- Input data:
____
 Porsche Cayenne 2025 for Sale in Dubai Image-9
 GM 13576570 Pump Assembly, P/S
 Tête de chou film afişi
____
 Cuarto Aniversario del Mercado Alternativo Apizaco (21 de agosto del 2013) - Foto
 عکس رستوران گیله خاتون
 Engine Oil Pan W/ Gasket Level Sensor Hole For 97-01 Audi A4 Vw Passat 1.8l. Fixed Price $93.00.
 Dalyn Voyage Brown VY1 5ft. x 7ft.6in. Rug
____
Of the entries listed above, reproduce only the lines starting at the line containing "GM 13576570 Pump Assembly, P/S" and ending at the line containing "Tête de chou film afişi". Include both, exactly as they stand.

 GM 13576570 Pump Assembly, P/S
 Tête de chou film afişi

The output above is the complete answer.